18. Dr Shah reports that Pashto literature is full of references to Mehboob, Yari and Koni. However he is not aware in the literature of any tradition of gay relationships as understood in the West where two males openly express love for each other and want to live as a couple to the exclusion of any sexual relationship with a female. Nevertheless the emergence of gay relationships cannot be ruled out after the exposure of Afghan society to the Internet and other sources of information, and in 2005 a gay couple of Afghan origin got married in Pakistan. He considers that it is important to note that many asylum seekers of Afghan origin tend to identify themselves as gay which may not genuinely be the case.
19. He says that it is hard to assess whether these various forms of sexual relationship as practised in Afghanistan are socially allowed because of the prevailing social hypocrisy about male sexual roles in society. However he strongly believes that if two males decide to have sexual relationships and live together they will be prosecuted by police and persecuted by non-state actors. On the other hand mere inclination to love young boys with or without having sex with them is practised and tolerated. He assesses the risk overall in the following way:
“2.3.1 I feel, as indicated above, if someone declares himself as gay or wants a gay relationship, he will be persecuted. A man can be a gay secretly but the minute it is known there will be a serious risk of persecution by state and non-state actors. In general, family members feel ashamed of a gay person in the family and his membership is regarded as a stigma on the family. If family feel the same about catamites but there is a subtle difference between gays and catamites. Gays want to live life as a gay person whereas catamites are usually young boys who can be persuaded for different reasons to have sex with another male. ….
2.3.2 Geography and who rules the country are also important factors. If a gay person is living in a big city, it might be relatively safe and there is greater possibility the gay relationships might be kept secret for longer periods. If he is in town/village, it will be difficult to keep it secret and once it is discovered the reaction from non-state actors will be very strong. The question of who is ruling the country or a particular Providence is very relevant. If the rulers are Taliban or other religious parties, persecution and death is certain. Taliban killed several people on the ground of homosexuality. If the government of Afghanistan is secular and liberal the chances of official persecution is not very likely but they may be prosecuted under article 427 of the Afghan Penal Code if caught red-handed or if the matter is reported to police. Non-state actors will also be a real threat to gay persons.

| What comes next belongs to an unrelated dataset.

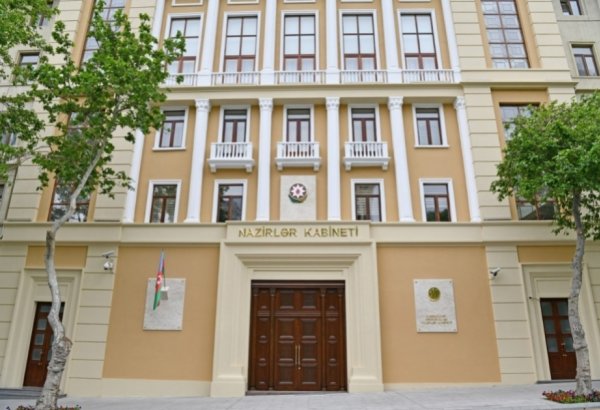 Dövlət informasiya ehtiyatları və sistemlərinə məqsədəuyğunluq barədə rəyin verilməsi qaydası təsdiqlənib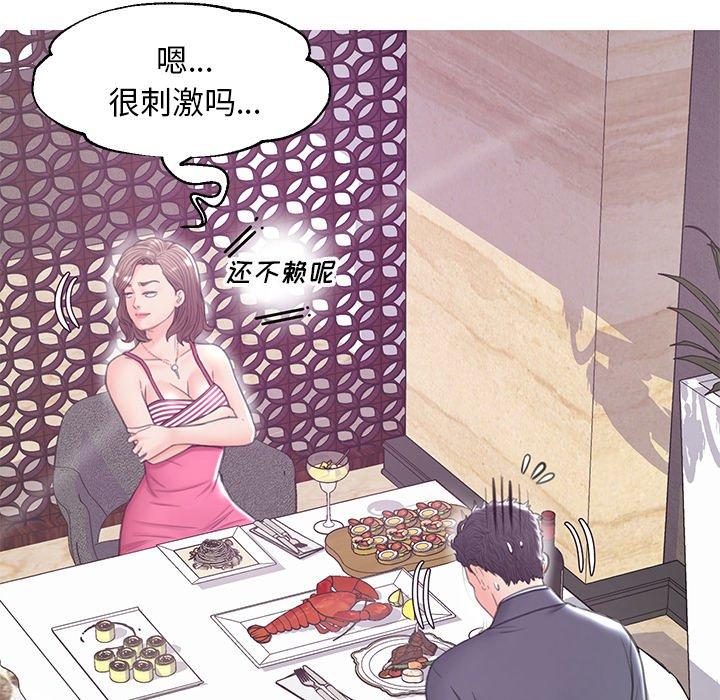 52P - 俏儿媳/媳妇单身中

2.4.1 Homosexuality was and is practised in Afghan society. The attitude of society is hypocritical. If homosexuality is secret or not discussed openly then it is tolerated. Homosexuals are generally not respected. If two males are caught in the act of sex and the fact is made public, it could lead to serious consequences as it then becomes a matter of family honour. Serious consequences include death by non-state agents. As indicated above, social status and wealth play a role in determining the nature of the dispute between the families of the two males involved.
2.4.2 I do not think that Afghan society as a whole is familiar with the concept of gays: consenting adults to sexual relationship living together Ramón as understood in the United Kingdom… as indicated above both gays and lesbians will be seriously persecuted by non-state actors (as it is regarded against Islam) and prosecuted by police under the Afghan Penal Code.”

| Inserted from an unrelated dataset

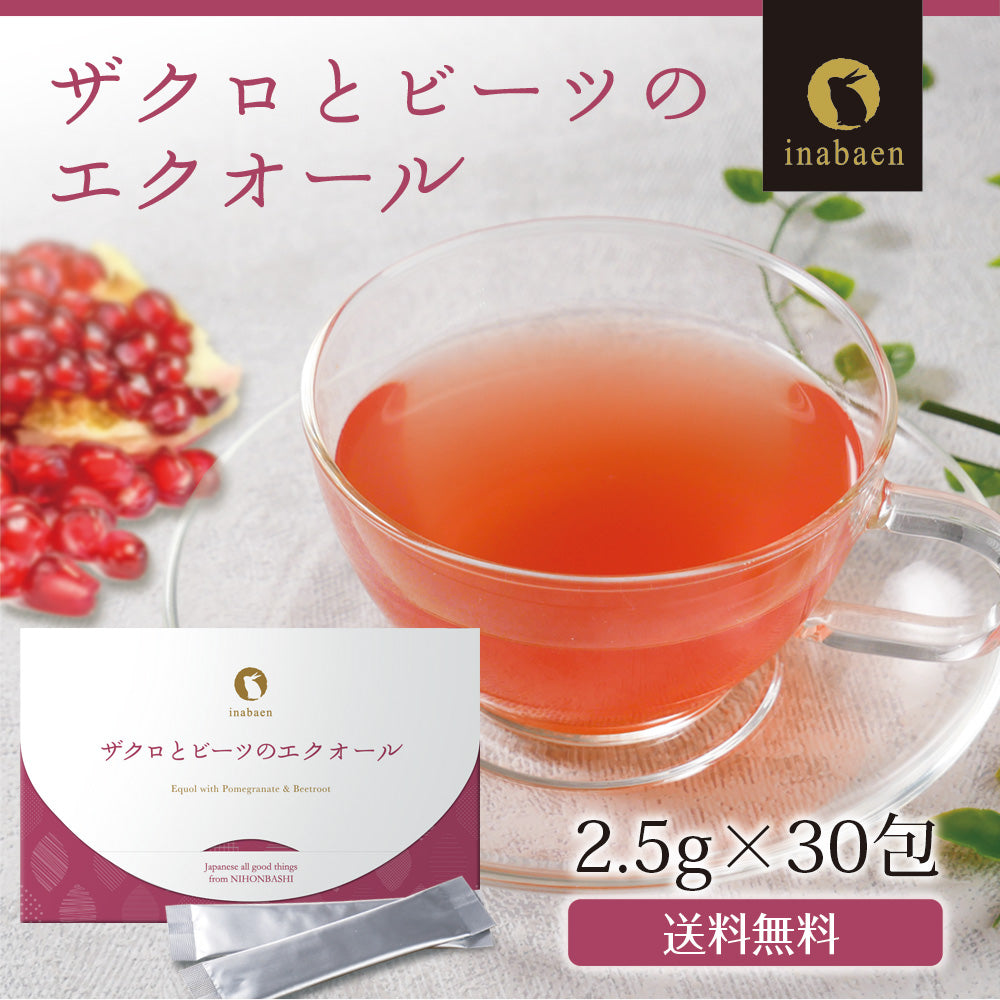 ザクロとビーツのエクオール 30包入り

20. Having said that Dr Shah also offers a subtle view of the attitude of Islamic law to homosexuality differentiating between different Islamic schools of thought:
2.2.2 The punishment mentioned in article 427 for sodomy and homosexuality is only a tazir punishment (punishment which is not fixed by the Koran or Sunnah, the two primary sources of Islamic law, where the court has discretion). Those committing crimes of Had, Qisas and Diyat (cases where punishment is fixed by the Koran and Sunnah where the court has no discretion) shall be punished according to the provisions of the Hanafi School of Islamic law…..
2.2.3 ….. The view of Imam Abdul Hanifa, the founder of Hanafi school, is noted in the authoritative book of Hanafi law. Imam Abu Hanifa says that there is no fixed penalty (Had) for sodomy, and therefore the accused should be corrected by tazir… the view of Imam Abu Hanifa in general prevails over all other views in the Hanafi tradition. The penal code of Afghanistan 1976 is mainly based upon the views of Imam Abu Hanifa which is why article 427 treats sodomy as tazir crime and is punishable with “long imprisonment” instead of the death penalty. It is a matter for the discretion of the court having regard to the circumstances of each case.”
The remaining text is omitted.